All’inizio dell’anno Olimpico, durante il quale sarà molto interessante vedere quanti Atleti italiani riusciranno ad ottenere il pass per il Giappone, c’è una specialità in cui siamo già certi del numero degli azzurri in gara, il massimo di tre previsto dal regolamento, ma non si sa ancora quali saranno realmente.

Stiamo parlando della maratona, per certi versi la gara più affascinante ed anche massacrante, insieme alla 50 chilometri di marcia, del panorama dell’Atletica Olimpica, specialità in cui ben tre italiani avrebbero già il minimo per poter partecipare ma, ce ne sono altri, cito in particolare Eyob Faniel, che ci puntano con ottime possibilità.

I tre, teoricamente sull’aereo per Sapporo, sono Yassine Rachik 2:08’05, Daniele Meucci 2:10’52, Yassine El Fathaoui 2:11’08, considerando che il minimo richiesto è di 2:11’30.
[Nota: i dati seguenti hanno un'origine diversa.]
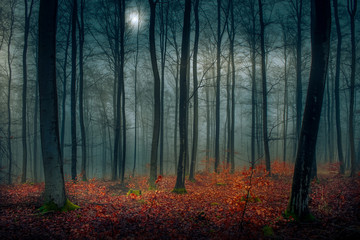 Evening autumn moment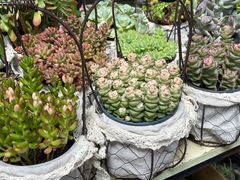 -循礼门鲜花花市(武汉循礼门店)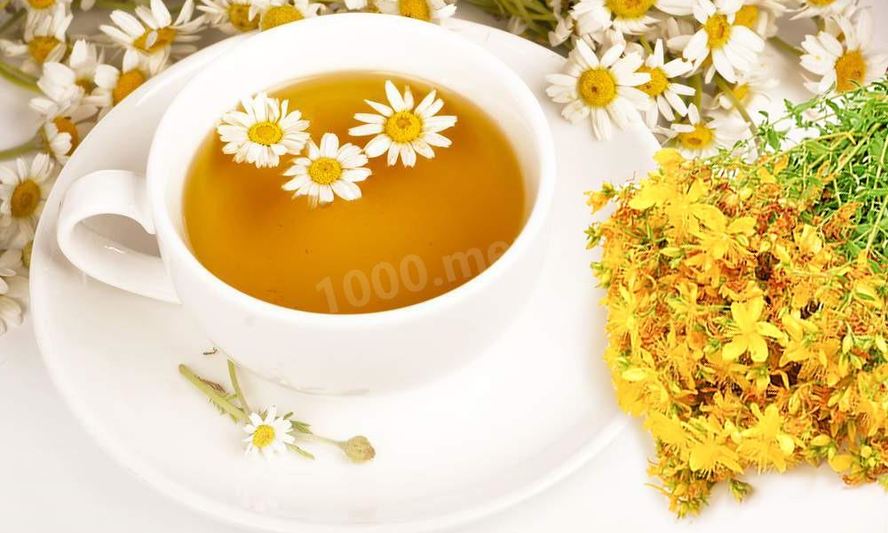 Рецепт чай ромашка зверобой
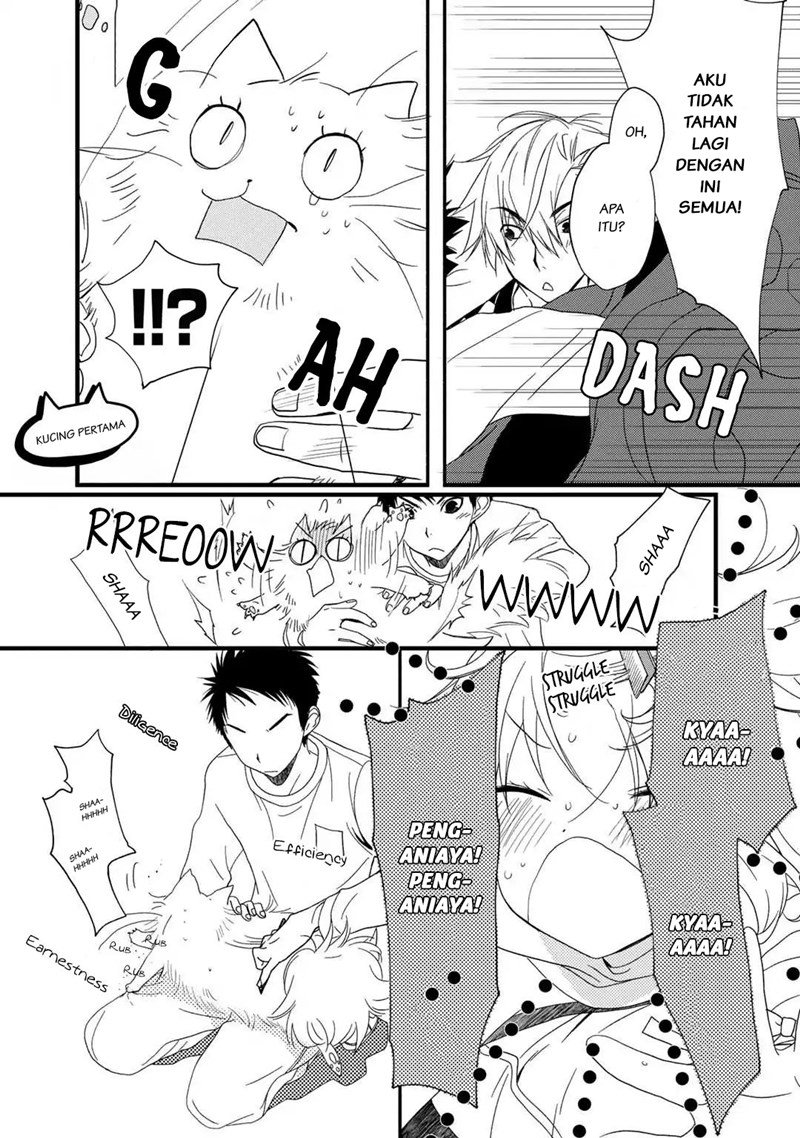 Chapter 2 - halaman 6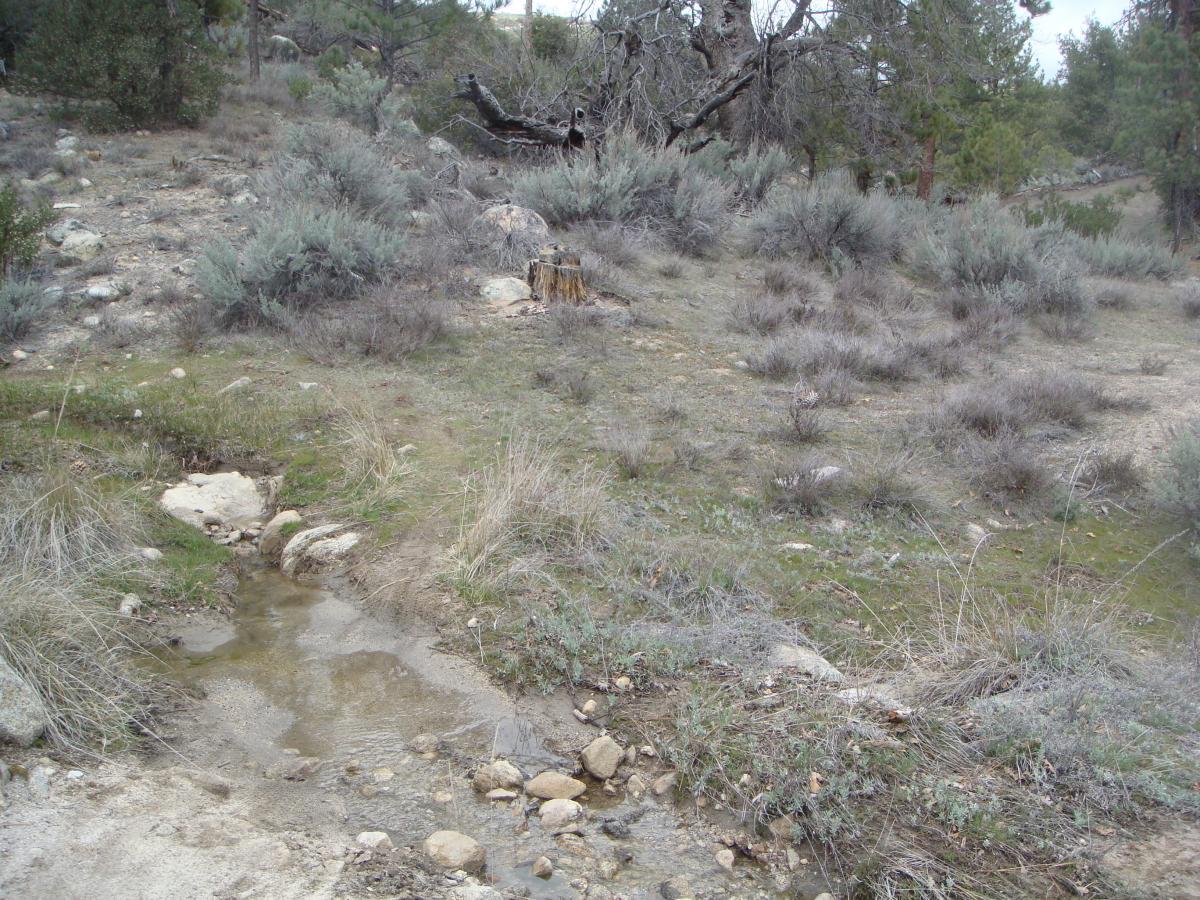 A small, shallow stream flows through a grassy area surrounded by sparse shrubs and rocky terrain. In the background, there are scattered trees and a large fallen tree trunk, with a mostly cloudy sky overhead. The landscape appears natural and undeveloped, typical of a woodland or semi-arid environment. Exfoliator mountain bike trail.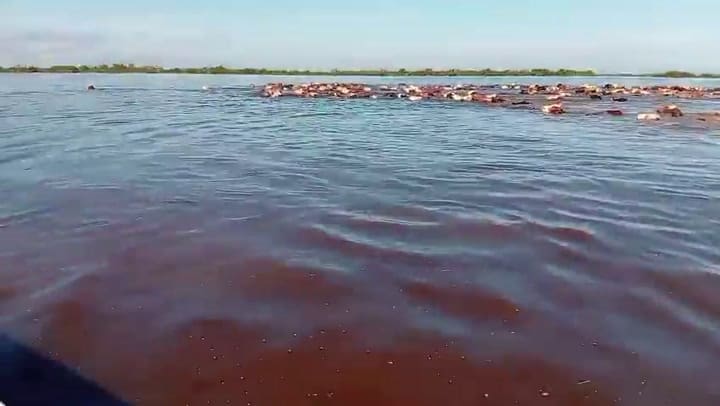 Traslado de hacienda en la zona bajo el agua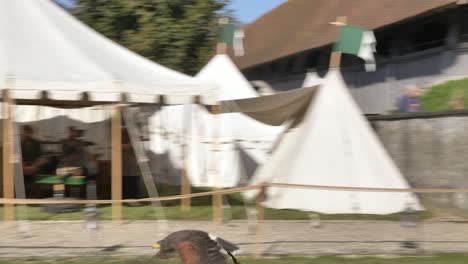 Eagle-flight-at-Medieval-event,slow-motion-follow-shot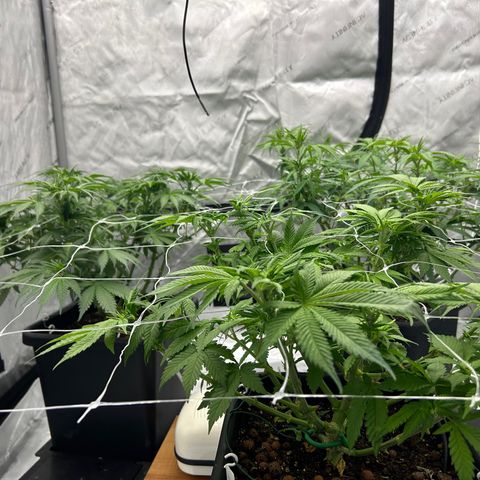 Strawberry Amnesia #1 Scrog growlog photo: Scrogging 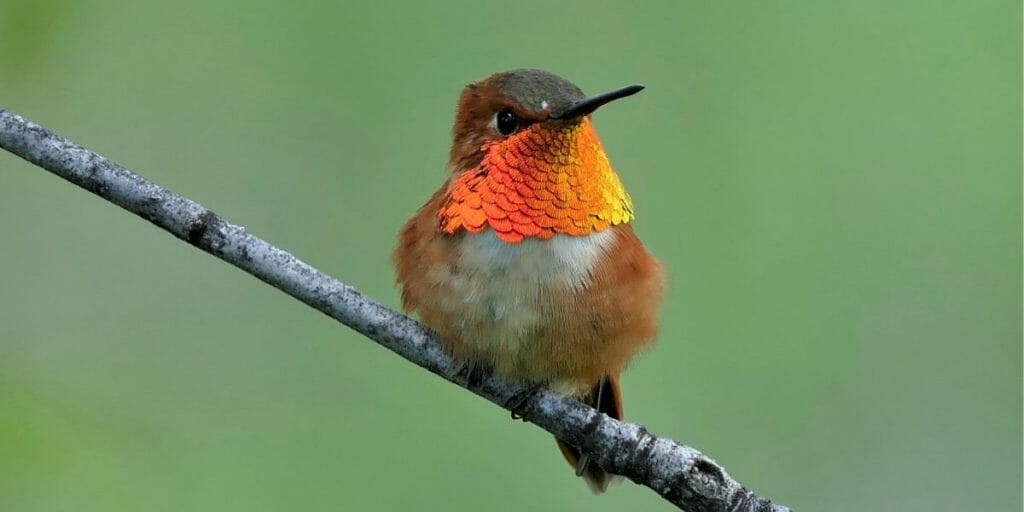 The Beauty of Hummingbirds in Virginia [ID & Pictures] Birdwatching Buzz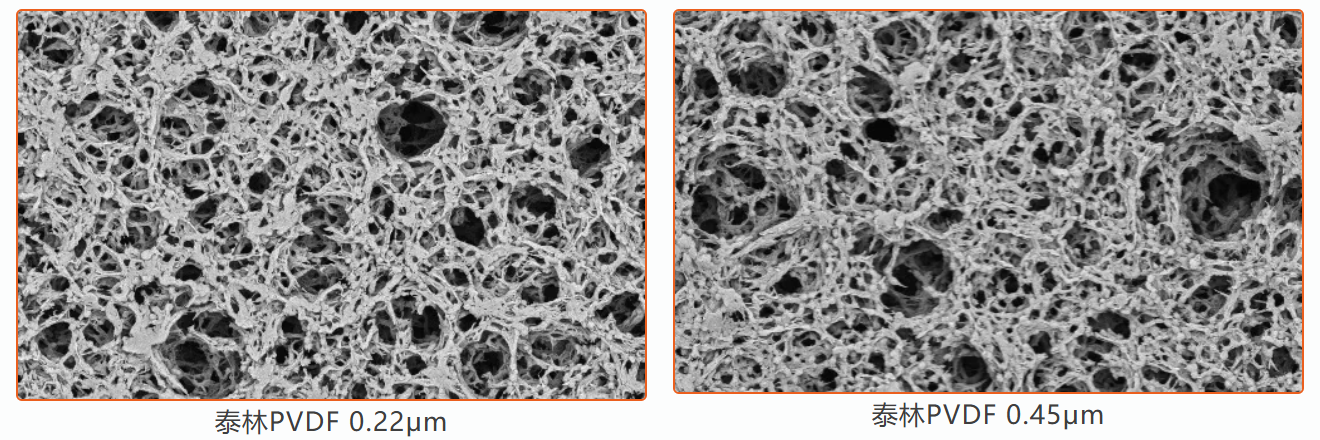 1772605236601622TAXH.png 圖片3.png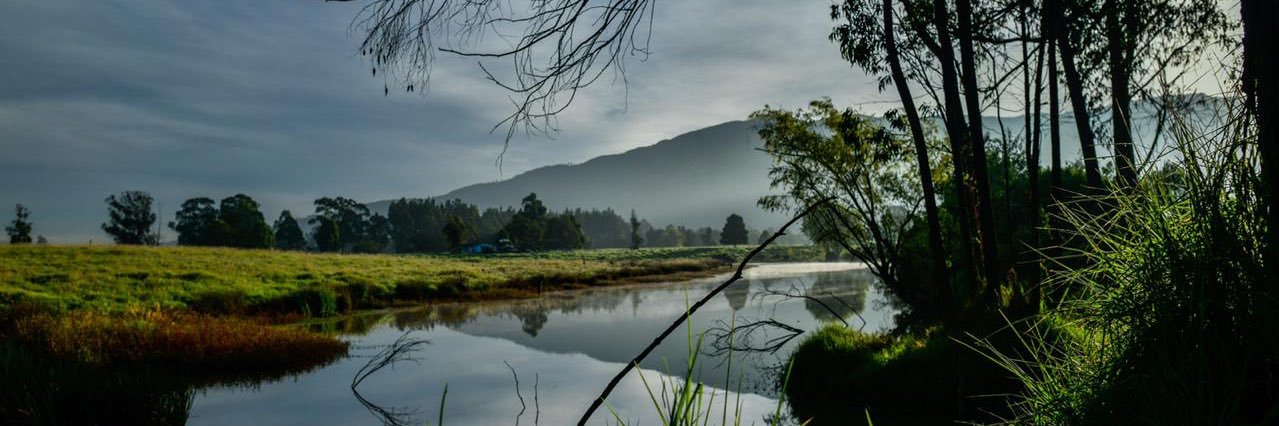 Claudia Calao banner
Sarà quindi importante seguire il percorso agonistico della stagione, sino a luglio, di questi atleti, oltre ovviamente agli altri che proveranno ad ottenere il crono richiesto e ogni gara, anche su distanze diverse, rappresenta dunque un test importante per valutare la condizione in essere di ognuno.

Domani, 12 gennaio, nella splendida cornice di una città ormai famosa anche per le varie competizioni su strada che organizza, Valencia, Daniele Meucci correrà una 10 km a meno di due settimane dal secondo posto alla We Run Rome, sulla stessa distanza, che segnò il suo rientro agonistico, due mesi dopo l’ottimo crono di 2:10’52, ottenuto nella maratona di Francoforte, che cancellò l’amarezza per il ritiro di Doha.

L’obiettivo di Meucci sarà, certamente, una 42,195 chilometri primaverile e, per prepararla al meglio, farà due periodi di allenamento in quota a Iten, in Kenya, il primo dal 20 gennaio fino a metà febbraio e poi il successivo in marzo, con l’intento di correre due mezze maratone fra i due raduni.